Y luego está el delta propiamente dicho. Un derroche lujurioso de la naturaleza. Está poco explotado y aunque es uno de los parajes más trascendentes de la biosfera se permite la caza en casi todo él, incluso de aves acuáticas. Es un delta enorme, lleno de canales. En los más grandes el agua sigue siendo color chocolate, y se cuela entre los árboles de la orilla creando un pantano verde cubierto de verdina; en los brazos menores el agua circula menos y es casi negra. Tanto que al atardecer se convierte en un espejo. Las barcas de la zona lo llevan a uno en absoluta soledad entre vegetación y animales. Apenas se oye más ruido que el de las aves y sin necesidad de profundizar mucho nos salen al paso cormoranes, garzas reales, fochas cornudas, gaviotas de varios tipos, avetoros, patos reales, garzas de patas negras, pelícanos, pollas de agua, espátulas y, por supuesto, ibis. Los pájaros sagrados egipcios llenan las lagunas de este delta rumano y casi no desentonan. Las barcas se deslizan sin motor por lagunas sorprendentes superpobladas de aves y uno piensa que finalmente existe la naturaleza.

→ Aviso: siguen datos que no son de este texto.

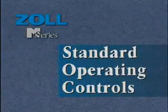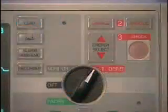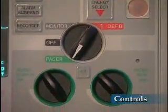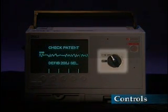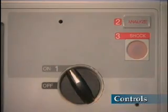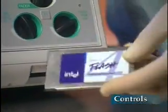Let's begin by looking at the standard operating controls. The selector switch enables defib, monitor, off, and the optional pacer modes. Semi-automated versions of the device have a single on position which activates the monitor and defibrillator. All units will beep four times, indicating they have passed the power on self-test. If PC-MCIA cards are inserted, ECG data and patient event information will be recorded.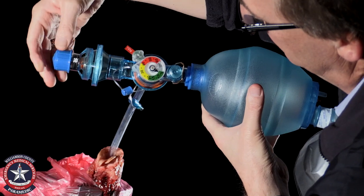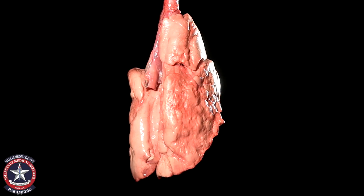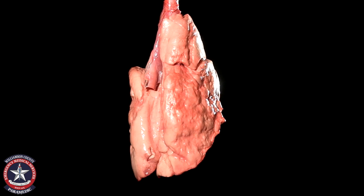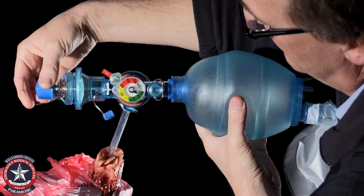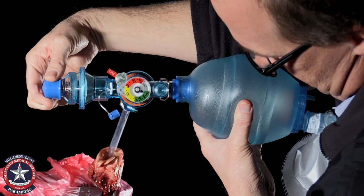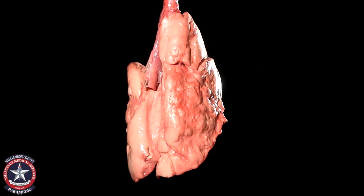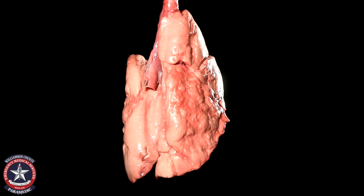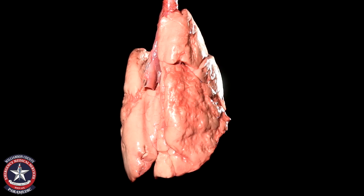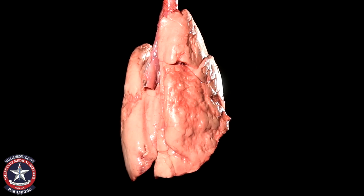Now I'm going to go up to fifteen of PEEP, and now twenty — I'm going to turn the PEEP all the way up. I want all of the PEEP.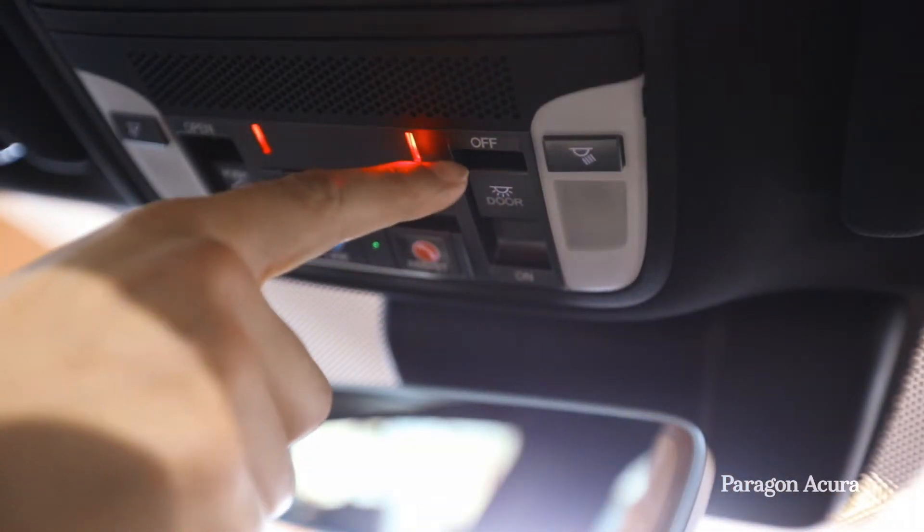All you have to do is locate the switch. The switch is located in the front of the car, right near your garage door opener. You'll notice that it's set off standard from the manufacturer.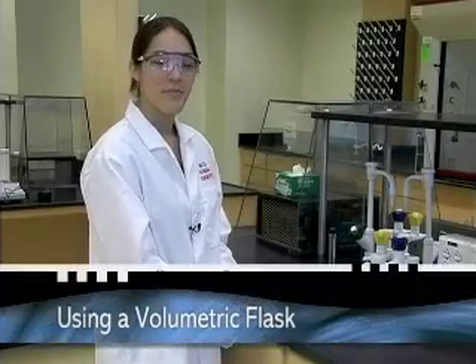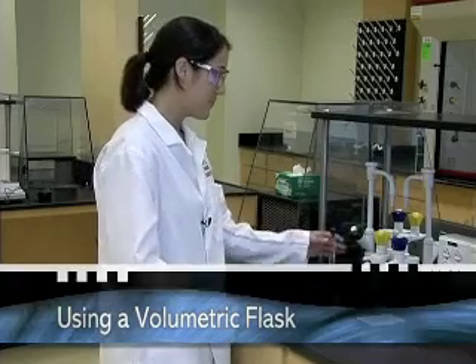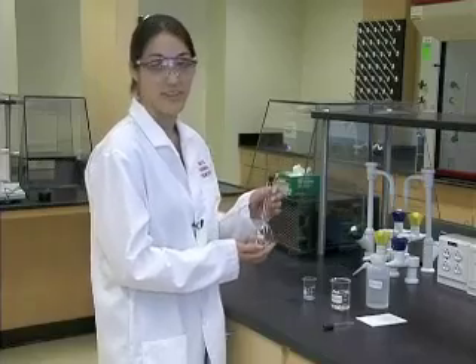Hi, I'm Lindsay and I'm going to show you the correct use of a volumetric flask. A volumetric flask measures a set volume, in our case 100 milliliters.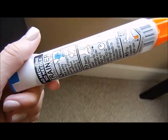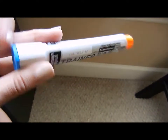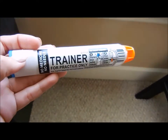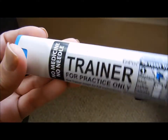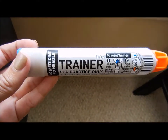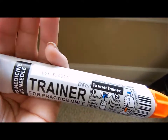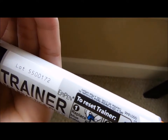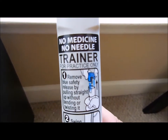This is my second EpiPen video — the first one didn't turn out great but I uploaded it anyway. I just got this and haven't used it yet, but I'm making this video for my friends and family just in case of an emergency. They can also go watch a real tutorial online. This is a trainer, so there's no medicine or needle — sorry about that.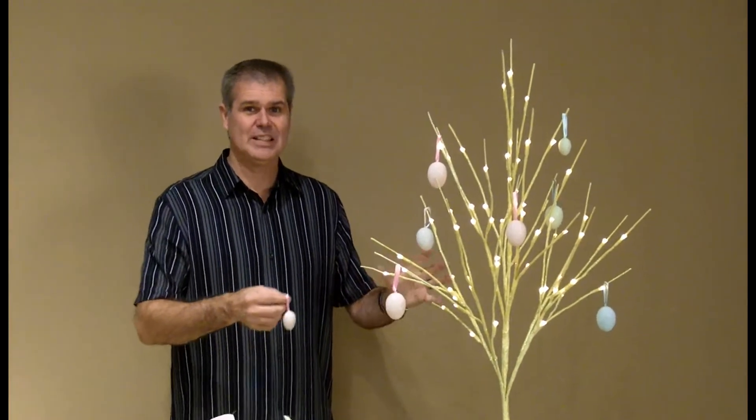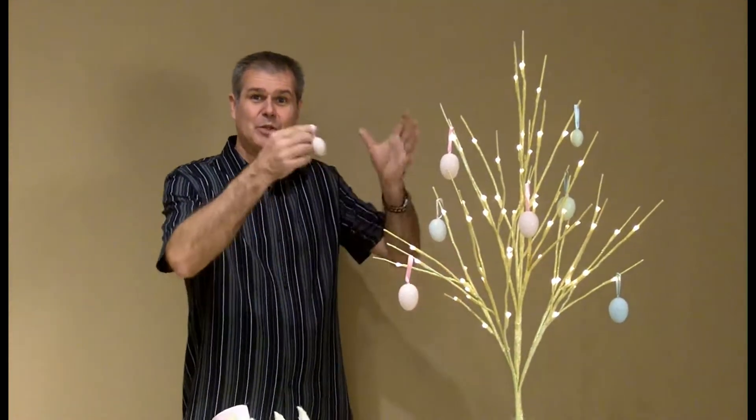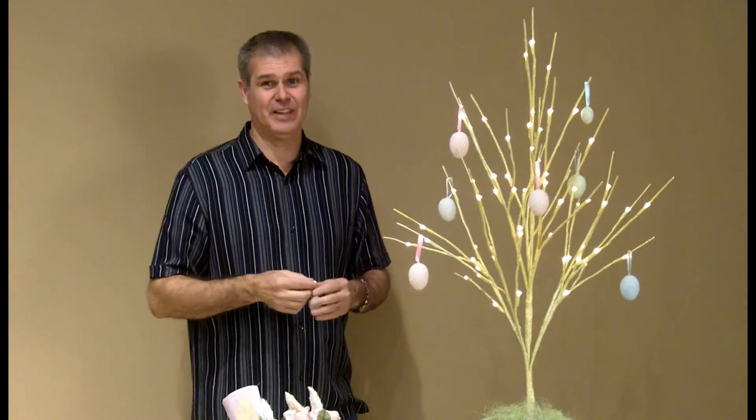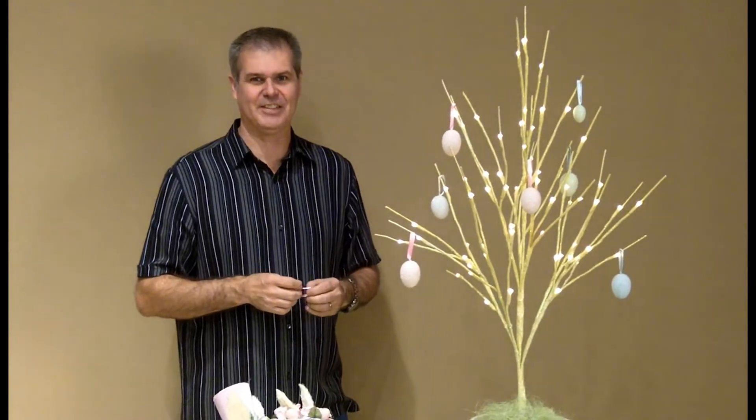Another idea too is to take multiple branches and build them up to create a larger tree. It's fun and it's festive. Let's check out another look on how we can hang our eggs this Easter season.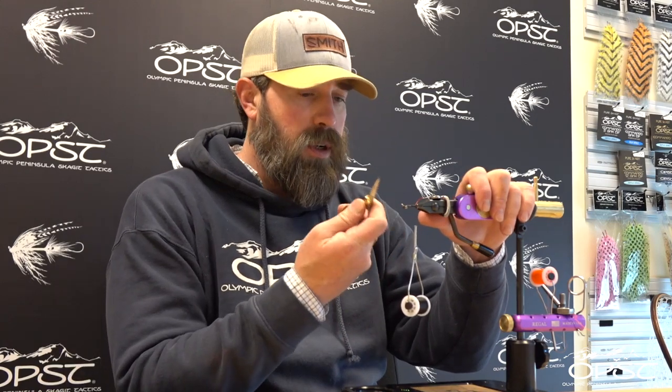This is an already prepped 20mm OPST intruder shank. I've got medium brass dumbbell eyes on here, OPST intruder wire with a size 3 OPST hook. I'm just going to set that off to the side. I've got a little magnet on the top which really helps keep you from stabbing yourself over and over again — pick those up at a hardware store.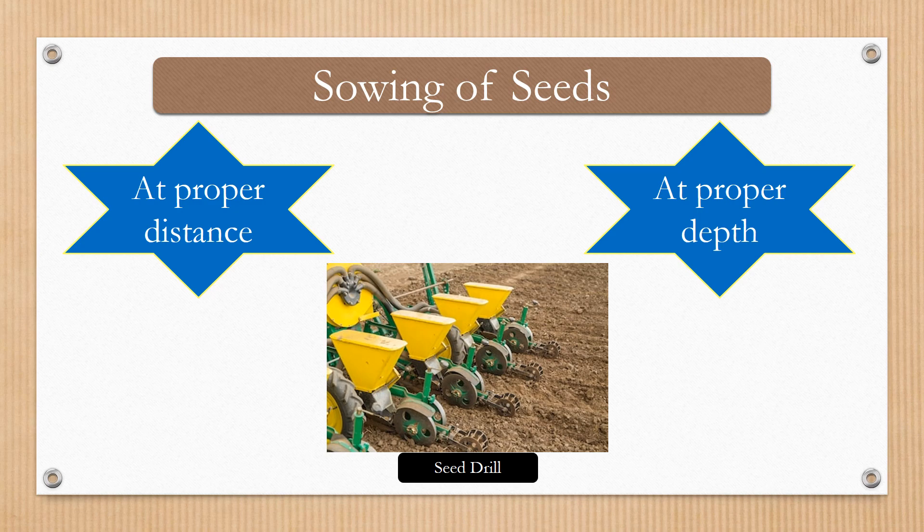Now come to the next step after plowing, and that is sowing seeds. This is again a very important step. Once the soil bed is prepared, the seeds should be sown properly, at proper distance, so that each and every seed gets proper air, sunlight, water, and nutrients. Proper distance between seeds is very important, as if they are grown in one place, then there could be competition for air, sunlight, etc., and in that case only few seeds turn to plants, hence leading to less crop production.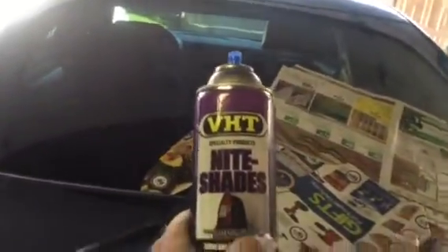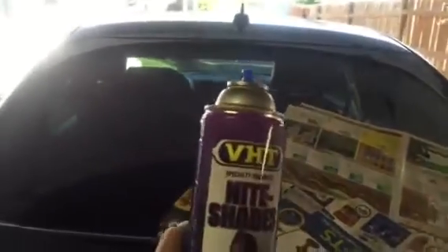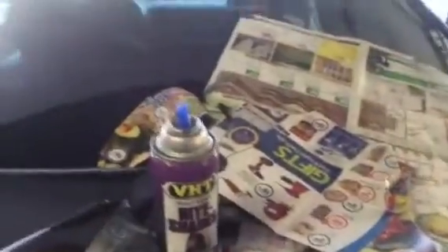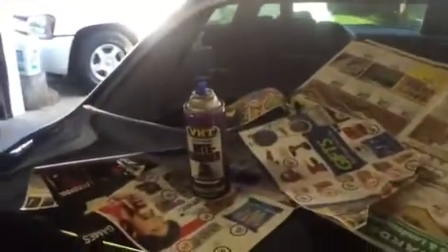What's up people, doing a video today on this VHT Nightshade tint spray for taillights. I've been spraying taillights for the last four or five years now, just finally doing a quick video update on how it's done.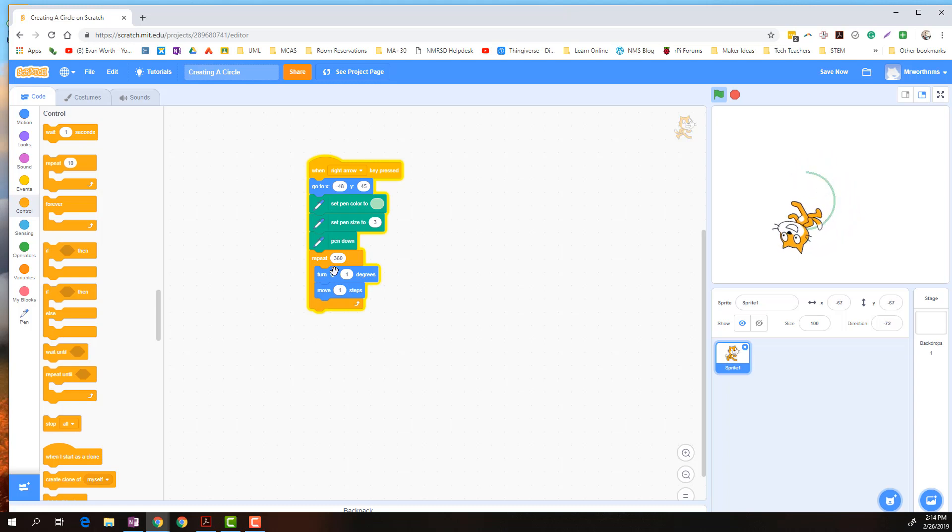Each time he's turning and moving, turning and moving, turning and moving, turning and moving, until he stops and completes a perfect circle.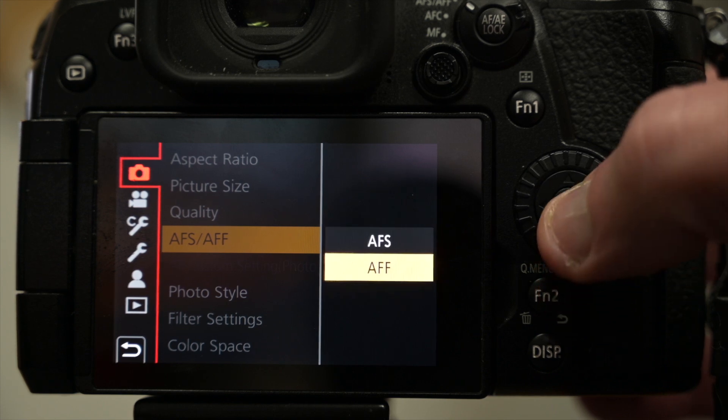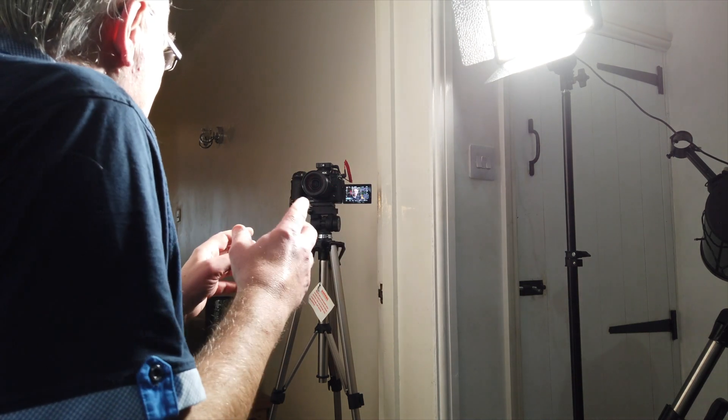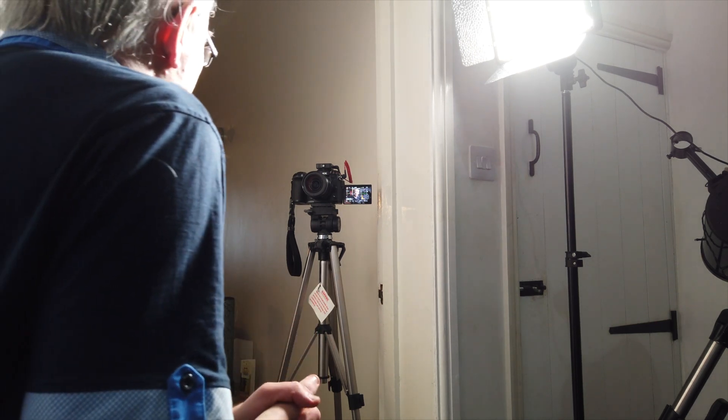I've now switched the camera to autofocus flexible. You have to go into the menu to do it — the switch stays in the same position and you change it in the menu. Apparently in autofocus flexible, the camera will only change its focus if it feels I've moved enough to warrant it. As I move around, autofocus should still be locking on my face. To me, that seems pretty much the same as autofocus single — it might be different for stills, but in video I can't see there being a big difference.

Y en las ciudades del delta la vida es sosegada, socialista, casi ingenua. Lugares donde sentarse a jugar al backamon junto a un puerto escuchando música y bebiendo las tradicionales botellas de medio litro de cerveza. O sea, la paz, y al fondo pasa un transbordador que toca la chimenea. Y el mar negro, que está cerca pero no se ve recuerda de pronto al bósforo. Tardes eternas en el delta. Entre deltas.